▶ _Material shown_:

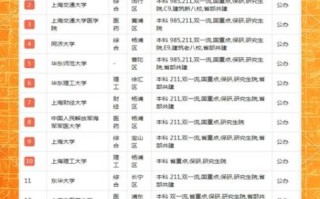 上海有哪些好大学_上海高校排名2024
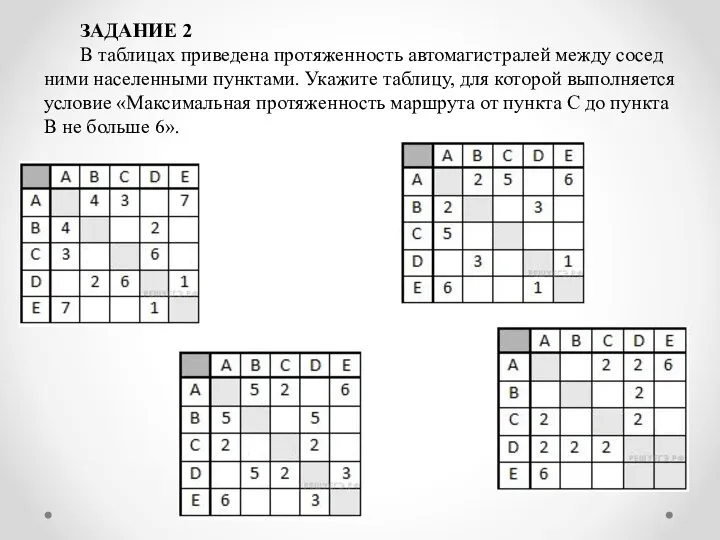 ЗАДАНИЕ 2 В таб­ли­цах при­ве­де­на про­тя­жен­ность ав­то­ма­ги­стра­лей между со­сед­ни­ми на­се­лен­ны­ми пунк­та­ми.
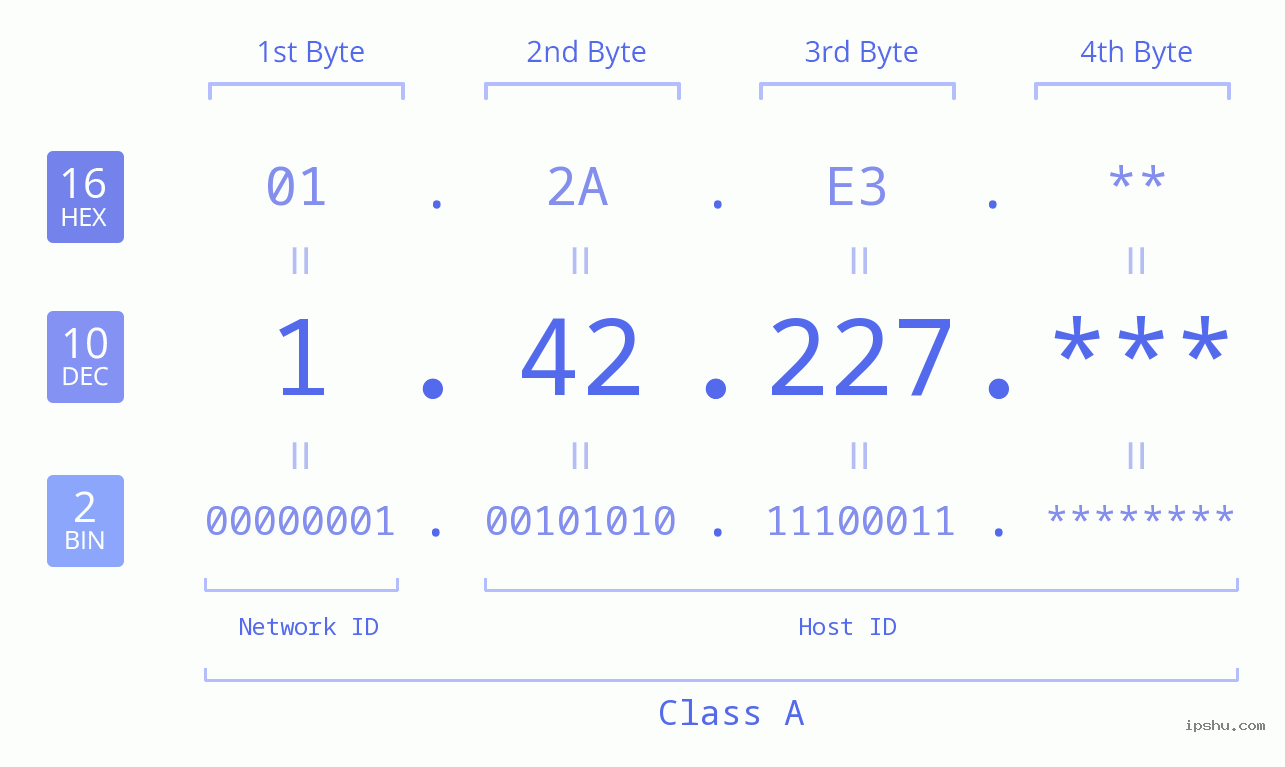 IP Address: 1.42.227 Data Structure Chart BIN DEC HEX IPv4: 1.42.227 Network Class, Net ID, Host ID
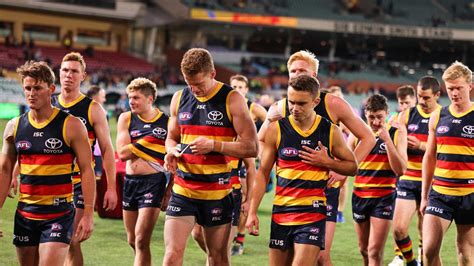 282,501 likes · 22,860 talking about this. Gary Buckenara list analysis Adelaide Crows: Missed ...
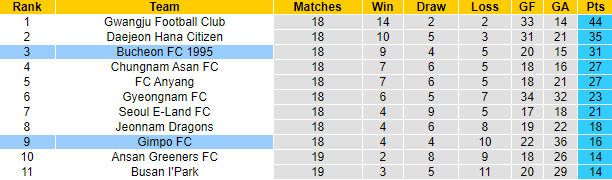 Nhận định, soi kèo Gimpo Citizen vs Bucheon, 18h ngày 18/6 - Ảnh 4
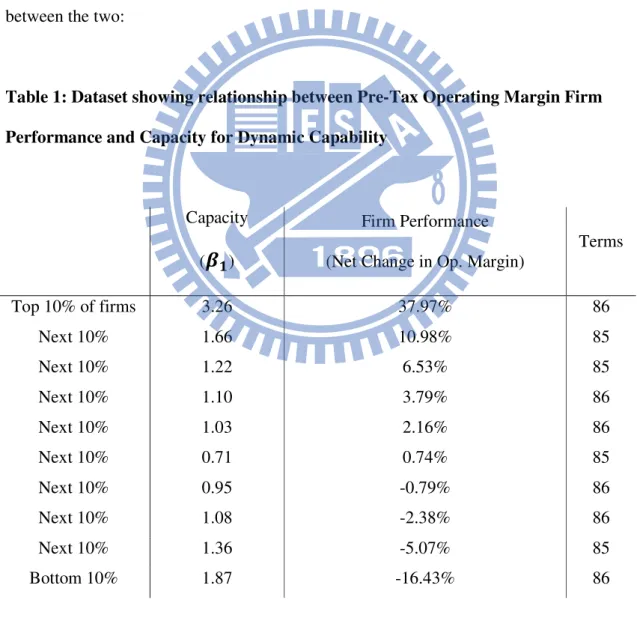 Table 1: Dataset showing relationship between Pre-Tax Operating Margin Firm  Performance and Capacity for Dynamic Capability 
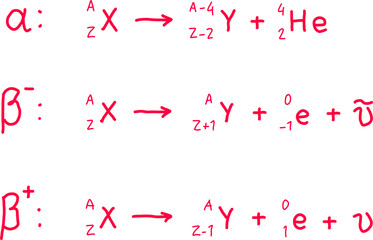 Handwritten red diagrams showing alpha, beta minus, and beta plus nuclear decay equations, illustrating changes in atomic number, mass number, and emitted particles.
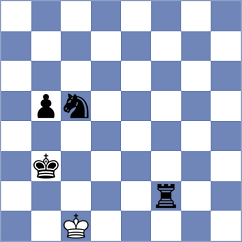 Gutierrez Olivares - Torres Cueto (chess.com INT, 2022)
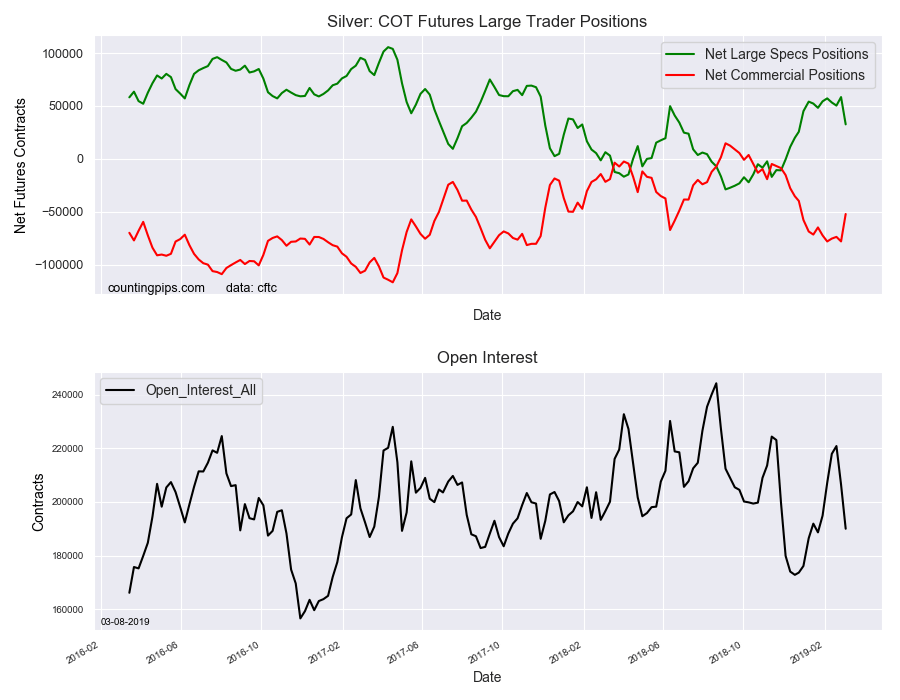 silver speculators sharply liquidated bullish bets this week
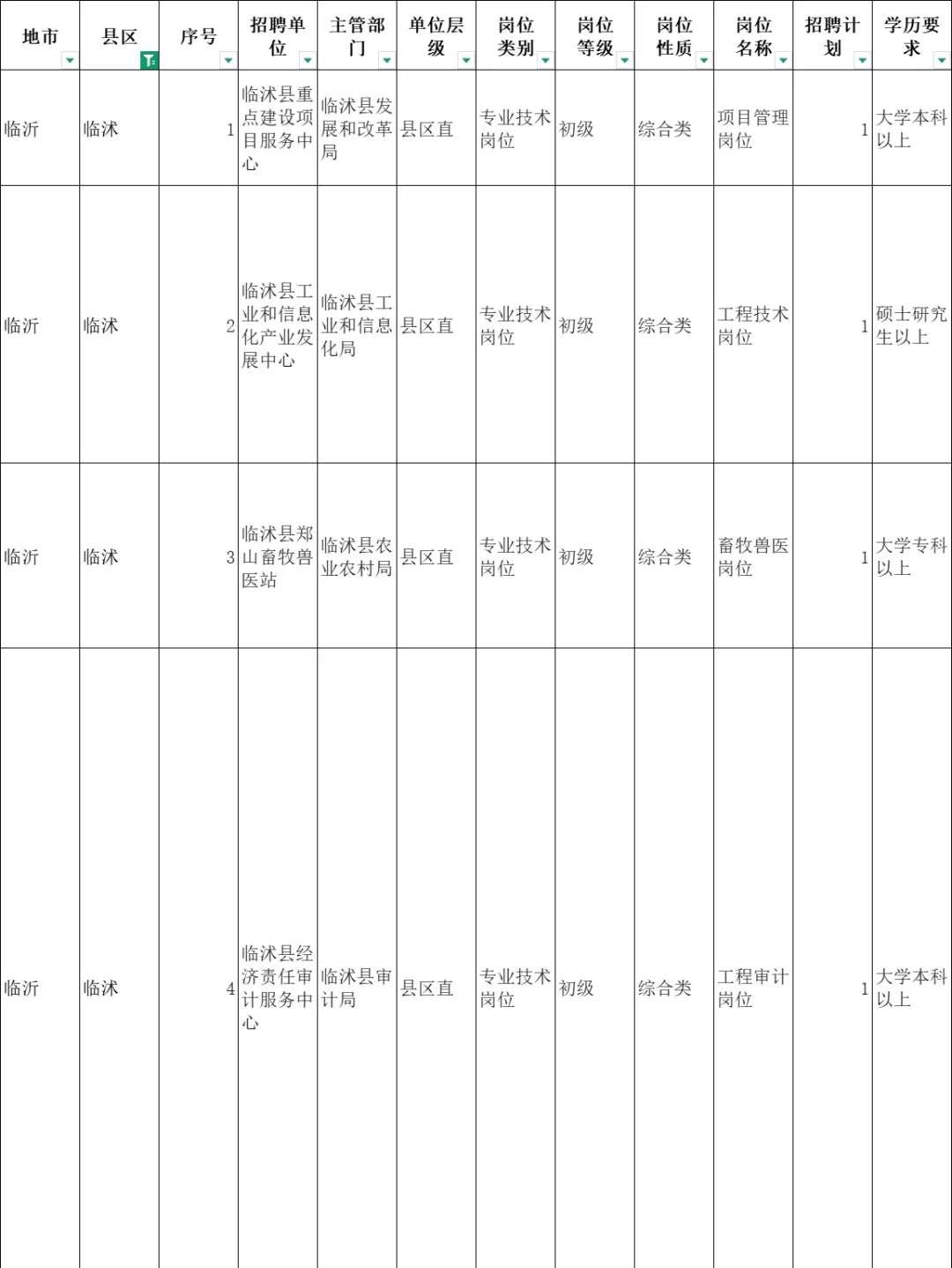 2025山东临沂临沭事业单位招录岗位
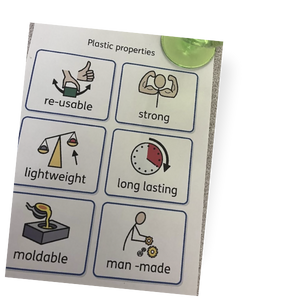 Widgit being used in classroom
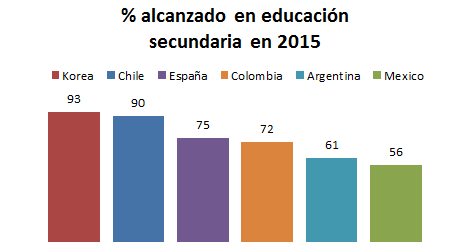 Educación en Corea del Sur<br />
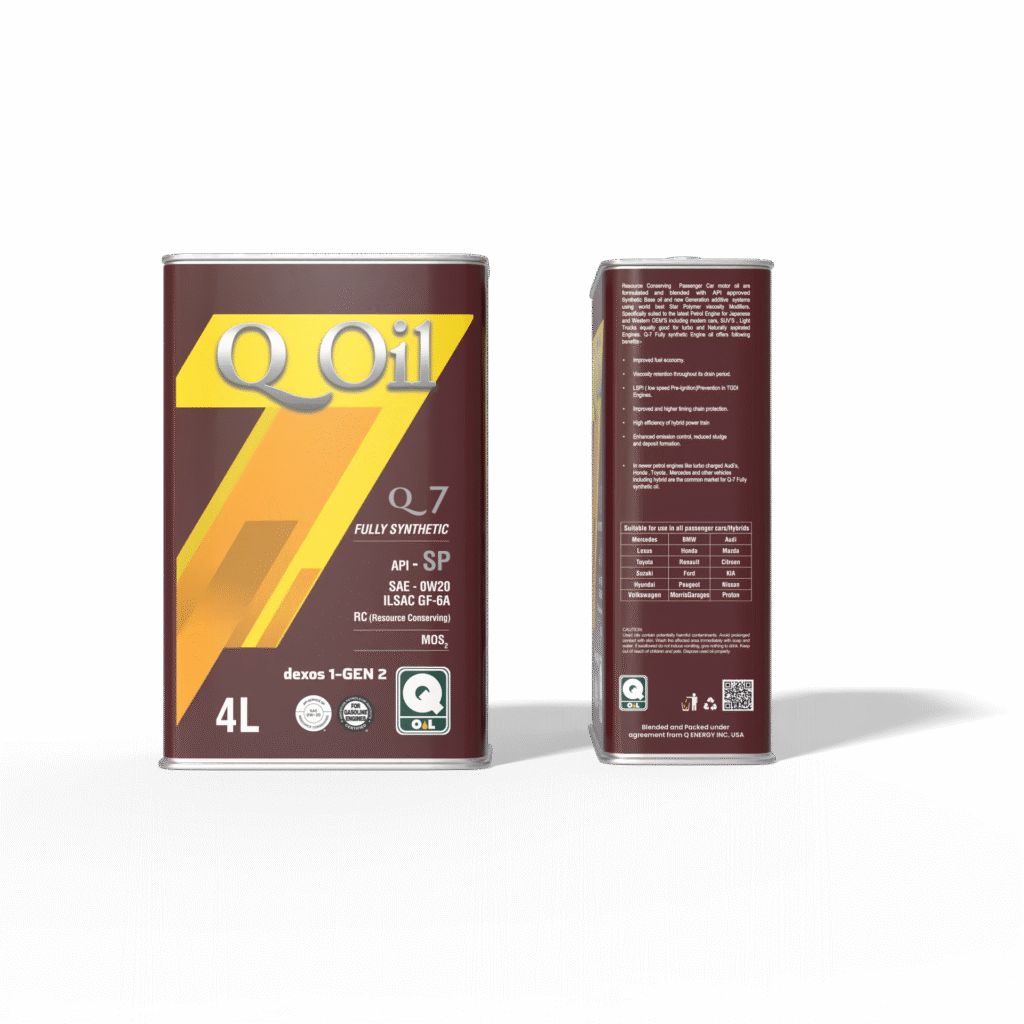 Mos2 Oil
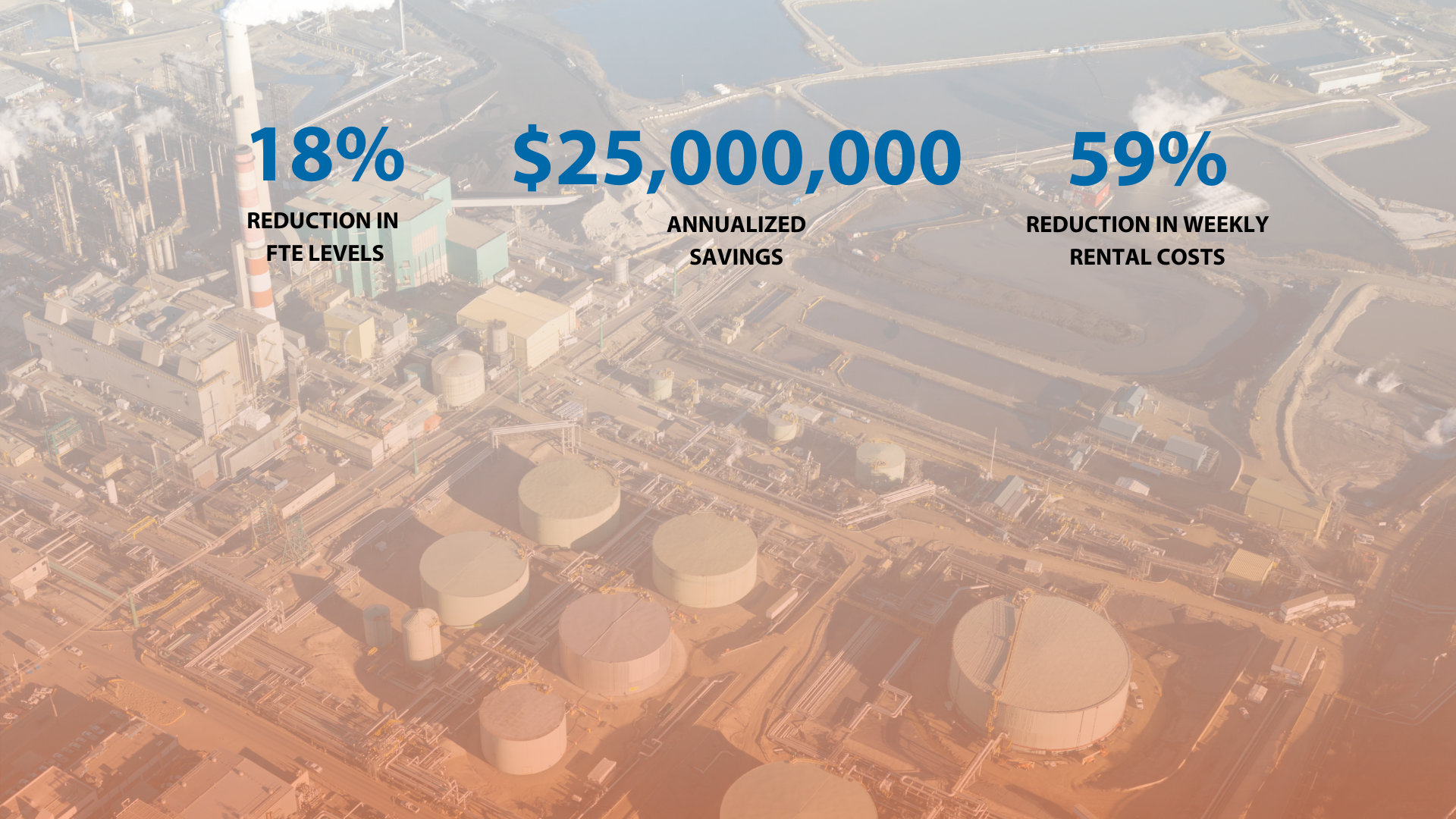 Oil sands points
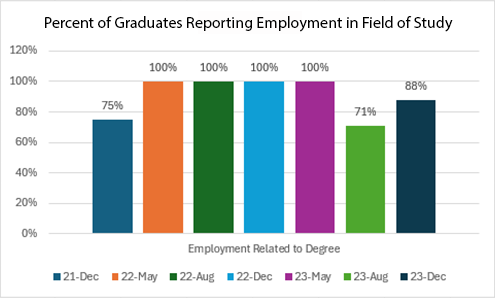Graduates that report employment chart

▶ _Exercise_: Your answer should be the exact lines above from the one containing "Nhận định, soi" through the one containing "Oil sands points", with both end lines kept and the pictures removed, please.

▶ _Output of the exercise_:
 Nhận định, soi kèo Gimpo Citizen vs Bucheon, 18h ngày 18/6 - Ảnh 4
 Table 1: Dataset showing relationship between Pre-Tax Operating Margin Firm  Performance and Capacity for Dynamic Capability 
 Handwritten red diagrams showing alpha, beta minus, and beta plus nuclear decay equations, illustrating changes in atomic number, mass number, and emitted particles.
 Gutierrez Olivares - Torres Cueto (chess.com INT, 2022)
 silver speculators sharply liquidated bullish bets this week
 2025山东临沂临沭事业单位招录岗位
 Widgit being used in classroom
 Educación en Corea del Sur<br />
 Mos2 Oil
 Oil sands points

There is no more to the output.